From the doorway the old caretaker watched and scratched his head in puzzlement, then went back to his desk and the morning paper's analysis of Sunday's big soccer match.

The tree was a solid link into her childhood and Nina closed her eyes, smelling once again the beautiful garden flowers her grandmother had lovingly tended, seeing her dolls set out for a picnic, hearing Opa's favourite music drifting from the upper floor, Clara singing. Despite the tragedy that had unfolded around them daily, music gave normalcy to their lives. How loved and treasured Nina had been. How glad she was that she had given love, care and security to Clara in return. How sad she was that she had no children of her own to cherish.

Nina sighed and looked around the untidy, neglected garden with its few stunted shrubs and plants, patchy grass. The glorious garden of her grandparents had vanished. She glanced back at the building, which had only a few small windows overlooking the garden. She studied the ground around the tree. Was it possible that whatever grandfather had buried was still there? After all these years the garden didn't appear to have been disturbed since the flats were built. How could she bring a shovel here and start digging? Should she even bother? This brief pilgrimage had given her fodder to write about. But curiosity and the memory of the intensity of Clara's last words convinced her to continue.
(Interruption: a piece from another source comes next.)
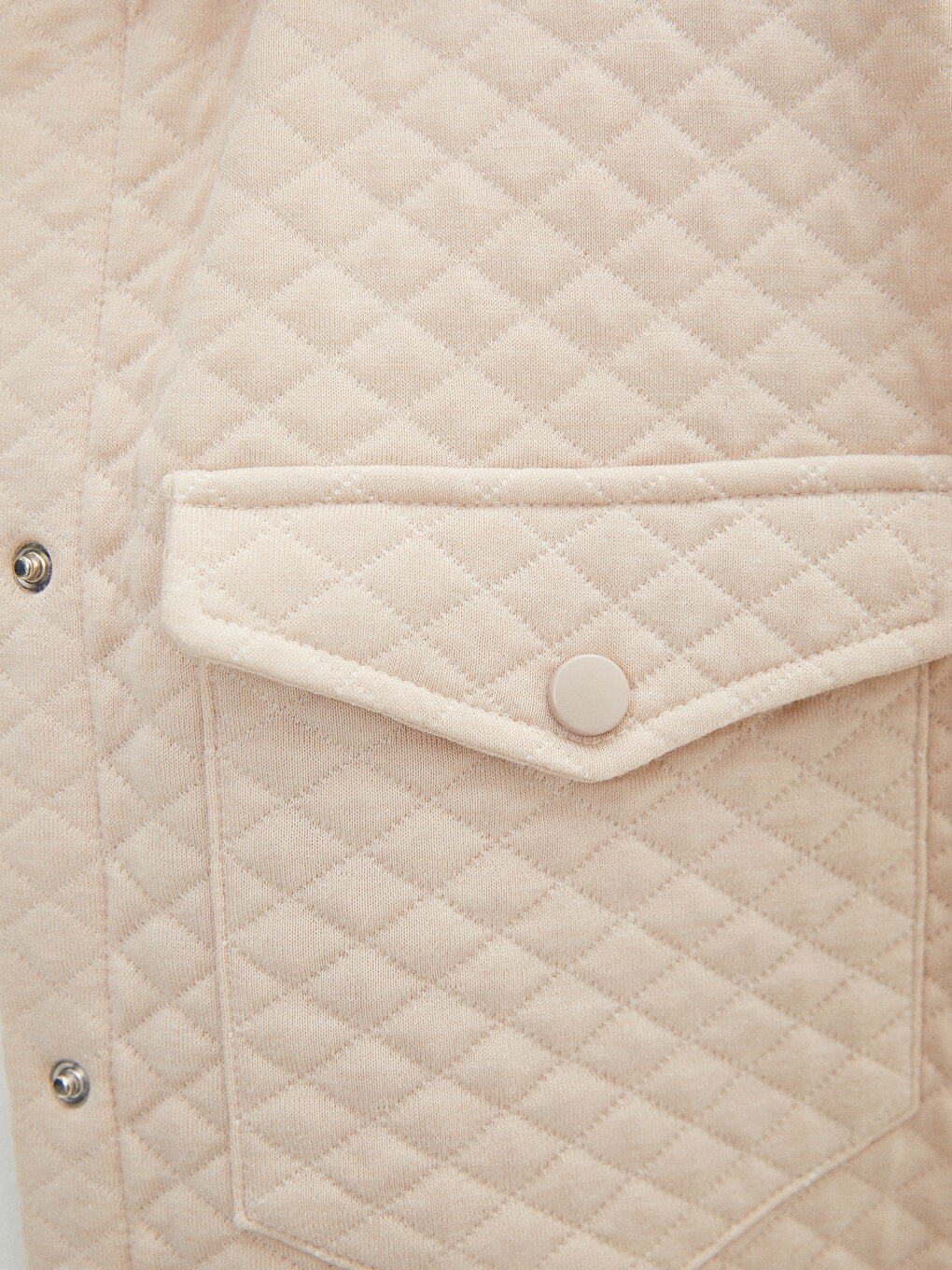 Front Button Closure Quilted Patterned Women's Shirt Jacket with Pocket Detail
Nina began working out a possible scenario. She went back to the old man.

‘Are there any empty apartments in this building that I could rent for a short time?'

Within a day Nina had possession of the key to the vacant rear ground-floor apartment. Before checking out of the hotel, she rang and left a message for Belinda asking her to notify the Baron, Ali and Larissa, who would pass the news onto Miche, that she was staying longer than planned. She rang Lucien and told him what had happened and that she'd be staying in the flat, but only for a few days. ‘Not that they know that – I've paid two weeks rent in advance.'

‘I'll meet you at the hotel on the seventh, Nina darling. We can go back and take whatever photos you need and then play ordinary tourists,' said Lucien. ‘Perhaps the tourism people could help us. Have you contacted anyone yet?'

‘No. I want to keep my personal inquiries private. If my grandparents kept something so secret for so long, it could be sensitive.'

‘Perhaps, but it's more likely monetary and material objects that were hidden during the war. It's a shame they were never able to go back to retrieve whatever it is.'

‘A government official probably lived there without knowing what was in the garden. And now that beautiful old house is gone. At least Clara kept a photo of it. Oh Lucien, I feel so odd. It's like going back in time and re-entering my grandparents' life.'

‘I'm worried about you creeping around. Be careful, Nina my love, I'll be there soon.'

Sitting in the very basic and sparsely furnished flat, Nina began making notes about what she remembered of her childhood in this place. While she had centred on her own desires in life – helping the cook in the kitchen, dressing up in her grandmother's hats and shoes, playing under her magic tree – other images began to have meaning. Worried visitors who came to the house and hurried into Opa's study and closed the door. Peeping out of the window at night with Clara who was frightened of a big, dark car across the street. Finding her grandmother and Clara weeping and being comforted by Opa. Rushing into Opa's study to tell him something and finding him opening a safe in the wall behind a picture – which made him shout at her to go outside. Opa never shouted. Had that really been a gun she'd seen?